La sentence de l’instance de recours de cette juridiction spéciale du pays, habilité à juger les infractions économiques et financières, est sans appel. Elle a condamné l’ancien Premier ministre d’Alpha Condé, Ibrahima Kassory Fofana à 5ans et au paiement de deux milliards de francs guinéens au titre des dommages et intérêts.
A l’issue de ce procès, le procureur spécial, Aly Touré se satisfait de la décision de la chambre de jugement, soulignant que cette condamnation fait suite à des infractions graves, notamment ‘’le détournement de données publiques, l’enrichissement illicite et le blanchiment de capitaux’’. Selon lui, la preuve était évidente, à travers des documents bancaires et des signatures qui laissent peu de place au doute.
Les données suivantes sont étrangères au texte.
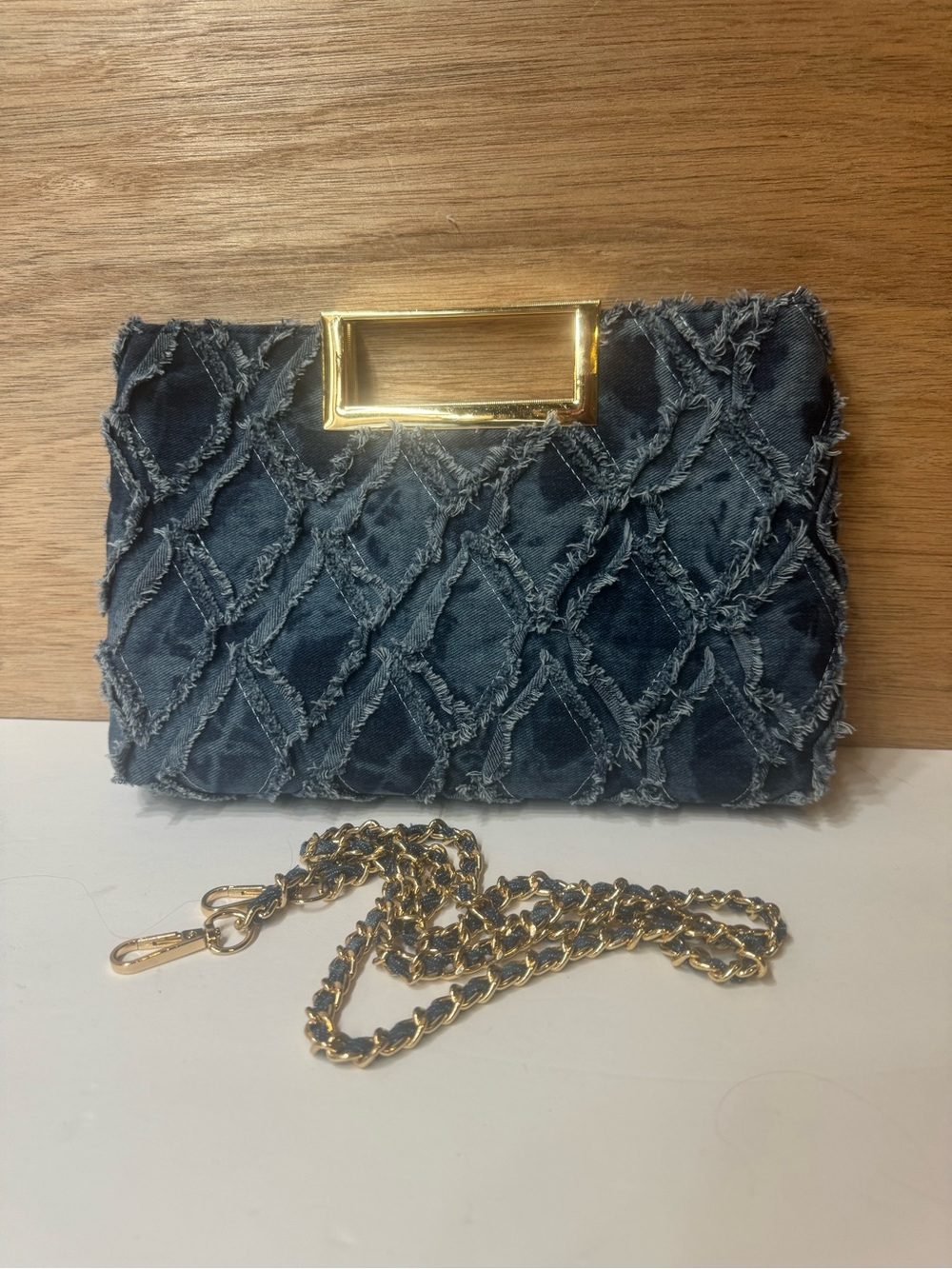 Denim Quilted Clutch  and crossbody with Gold Handle - Picture 2 of 11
« Pour nous, c’est un motif de satisfaction parce qu’il a été reconnu coupable de toutes les infractions pour lesquelles nous l’avons poursuivi », a déclaré le procureur, rappelant que tous les éléments du dossier étaient solides et bien fondés. Il a insisté sur le fait que la non-comparution de Kassory Fofana à l’audience n’a eu aucun impact sur le verdict.
« C’est son choix de ne pas venir. Cela ne change rien à la solidité de notre dossier », a-t-il ajouté.
En revanche, la défense a vivement contesté cette condamnation. Me Sidiki Bérété, l’un des avocats de Kassory Fofana, a qualifié la décision de « magique », accusant le juge de manipuler la justice. Selon lui, l’accusation de détournement de 15 milliards de francs guinéens est infondée, arguant que seulement 12 milliards seraient encore présents à la Banque centrale et que 3 milliards avaient déjà été utilisés pour des projets d’assainissement des hôpitaux.
« Le ridicule ne tue pas », a-t-il pesté, en insinuant que la condamnation était une décision politique, taillée sur mesure pour affaiblir des figures potentielles de l’opposition.
Me Bérété a dénoncé un processus judiciaire qu’il considère comme biaisé et a affirmé que ce verdict ne visait pas seulement Kassory Fofana, mais aussi toute personne en mesure de contester le pouvoir en cours.
« Ce sont des décisions au service des hommes de coup d’État », a-t-il affirmé avant d’insister sur le fait que la justice guinéenne était manipulée au service d’intérêts politiques et non pour servir la vérité et la justice.
L’avocat n’a pas exclu la possibilité de recourir à un appel ou à d’autres voies juridiques pour contester cette décision, mais il a exprimé son scepticisme quant à l’indépendance de la justice guinéenne. « Nous allons exercer tous les recours possibles, mais il n’y a plus d’espoir pour la justice », a-t-il dénoncé. Pour lui, le système judiciaire actuel, qu’il qualifie de « créé par décret », n’est pas digne de confiance et dessert la Guinée.